A hash can help you check whether a file changed. It can help software identify duplicate content. It can help a version control system point to an exact object. It can also sit at the center of password storage. Those are related ideas, but they are not interchangeable. The algorithm that is fine for a checksum is often the wrong choice for passwords, and a password hash is solving a different problem than encryption.

If you keep those differences straight, a lot of security advice that sounds fuzzy becomes practical. This guide lays out the basics in plain language: what hashing is, when checksums make sense, why salts matter, where bcrypt fits, and why MD5 or plain SHA-256 are not enough for password storage by themselves.

What a hash actually is

A hash function takes input data of any length and produces a fixed-length output. Feed it "hello" and you get one digest. Change one character and the digest changes too.

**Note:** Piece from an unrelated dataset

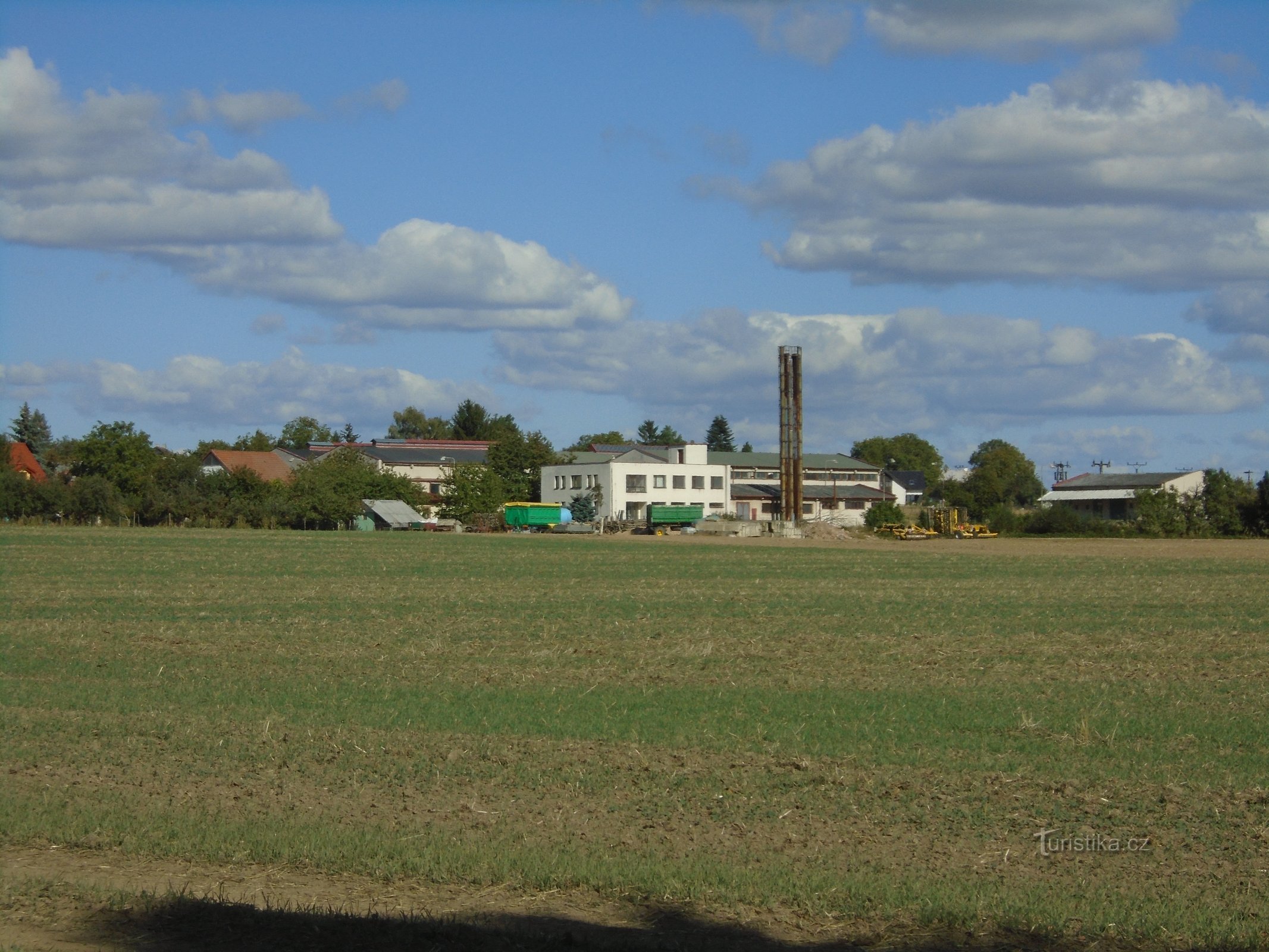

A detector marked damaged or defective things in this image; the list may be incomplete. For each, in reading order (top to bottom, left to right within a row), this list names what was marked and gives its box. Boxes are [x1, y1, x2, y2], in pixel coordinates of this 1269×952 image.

rusty metal tower [771, 345, 802, 522]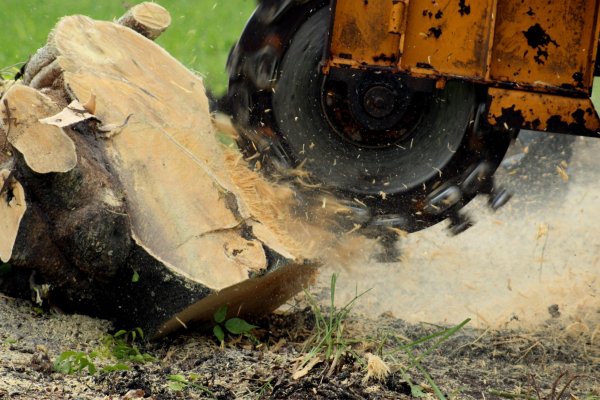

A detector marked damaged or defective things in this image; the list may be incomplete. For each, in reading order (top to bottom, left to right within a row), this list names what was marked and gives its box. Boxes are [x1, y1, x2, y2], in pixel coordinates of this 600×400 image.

For many common algorithms, good hash behavior means:

  • the same input always produces the same output
  • a tiny input change produces a very different digest
  • the output length stays fixed
  • it is fast to compute

That fixed output is useful because you can compare digests instead of comparing the original data byte by byte. If two large files produce different hashes, the files are different. If a stored password hash does not match the hash of the password a user just entered, the password is wrong.

The important part is context. "A hash is one-way" is directionally true, but it does not tell you which kind of system you are building. The right follow-up question is always: what job is this hash doing?

Hashing is not encryption

Encryption is meant to be reversed by someone with the right key. Hashing is not.

If you encrypt a document, the goal is to get the original document back later. If you hash a document, the goal is usually comparison, lookup, or tamper detection. You are not planning to "decrypt" the hash back into the original text.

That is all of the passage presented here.